4. \[ \frac{L}{2K} \]

View Answer

\[ L = I \omega \]

and

\[ K = \frac{1}{2} I \omega^{2} \]

Squaring L and Dividing it with K we get,

\[ I= \frac{L^{2}}{2K} \]

Question 4:

A particle of mass m = 5 units is moving with a uniform speed v = 3√2 m in the XOY plane along the line Y = X + 4. The magnitude of the angular momentum about origin is

1. Zero

2. 60 unit

3. 7.5 unit

4. 40√2 unit

View Answer

Distance of line

\[ ax+by+c=0 \] from point (x1,y1) is given by

\[ d = \left( \frac{ax_{1}+ by_{1}+c}{\sqrt{a^{2}+b^{2}}} \right) \]

So, distance of direction of velocity from origin is d= 2√2

Angular momentum = Perpendicular distance of momentum × momentum = 2√2 × 5 ×3√2= 60 Unit

Question 5:

A conical pendulum consists of a simple pendulum moving in a horizontal circle as shown.
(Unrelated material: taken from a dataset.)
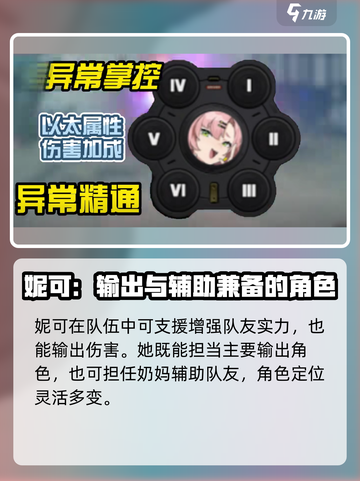 绝区零：最强奶妈角色大起底！💥截图4
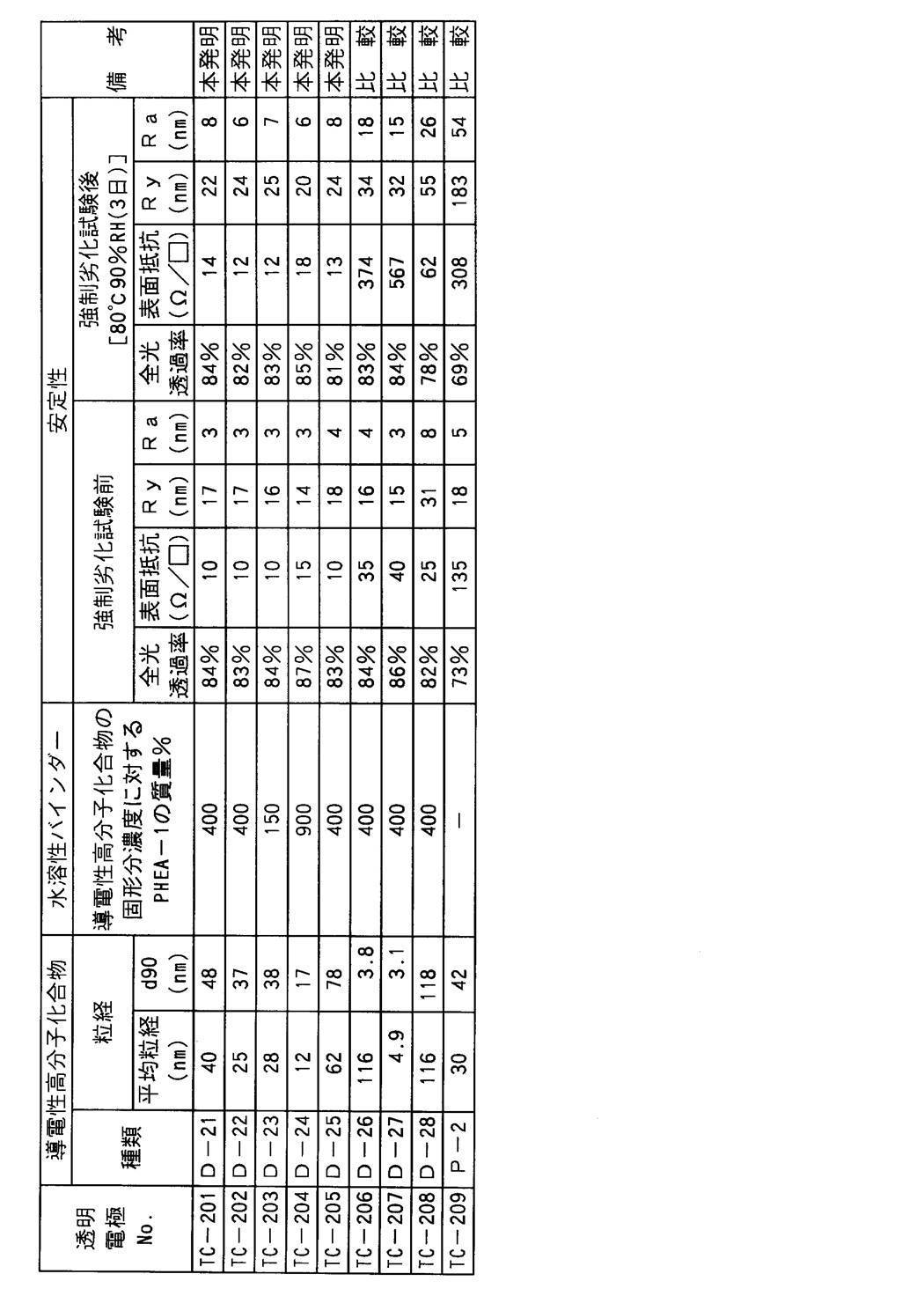 Figure JPOXMLDOC01-appb-T000009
C is the pivot, O the centre of the circle in which the pendulum bob moves and ω the constant angular velocity of the bob. If L is the angular momentum about point C, then

1. L is constant ( magnitude as well as direction is constant )

2. Only direction of L is constant

3. Only magnitude of L is constant

4. None of the above.

View Answer

As object is in circular motion angular momentum

\[ \vec L=I\vec\omega \]

Direction of omega is along the axis so, L will have direction along axis OC. So both magnitude

and direction of angular momentum L is constant.

Question 6:

A uniform rectangular plate of mass m which is free to rotate about the smooth vertical hinge passing through the centre and perpendicular to the plate, is lying on a smooth horizontal surface. A particle of mass m moving with speed ‘u’ collides with the plate and sticks to it as shown in figure. The angular velocity of the plate after collision will be

1. \[ \frac{12u}{5a} \]

2. \[ \frac{12u}{19a} \]

3. \[ \frac{3u}{2a} \]

4. \[ \frac{3u}{5a} \]

View Answer

Taking rectangle and the object as one system angular momentum is conserved.

so, mva= ( m(√5a/2)² + m((2a)²+ a²)/12) ω

\[ \omega = \frac{3u}{5a} \]

Question 7:

A disc of mass M and radius R is rolling with angular speed ω on a horizontal plane as shown. The magnitude of angular momentum of the disc about the origin O is

1. (1/2)MR²ω

2. MR²ω

3. (3/2)MR²ω

4. 2MR²ω

View Answer

For Rolling L = MvR + Iω = M(ωR)R + (MR²/2)ω = (3/2)MR²ω

Question 8:

A thin circular ring of mass M and radius R is rotating about its axis with a constant angular velocity ω. Two objects of mass ‘m’ are attached gently to the ring. The wheel now rotates with an angular velocity.

1. \[ \frac{\omega M }{(M+m)} \]

2. \[ \frac{\omega(M-2m)}{(M+ 2m)}\]

3. \[ \frac{\omega M}{M+2m}\]

4. \[ \frac{\omega (M+2m)}{M}\]

View Answer

We can solve this problem using the principle of conservation of angular momentum since no external torque acts on the system.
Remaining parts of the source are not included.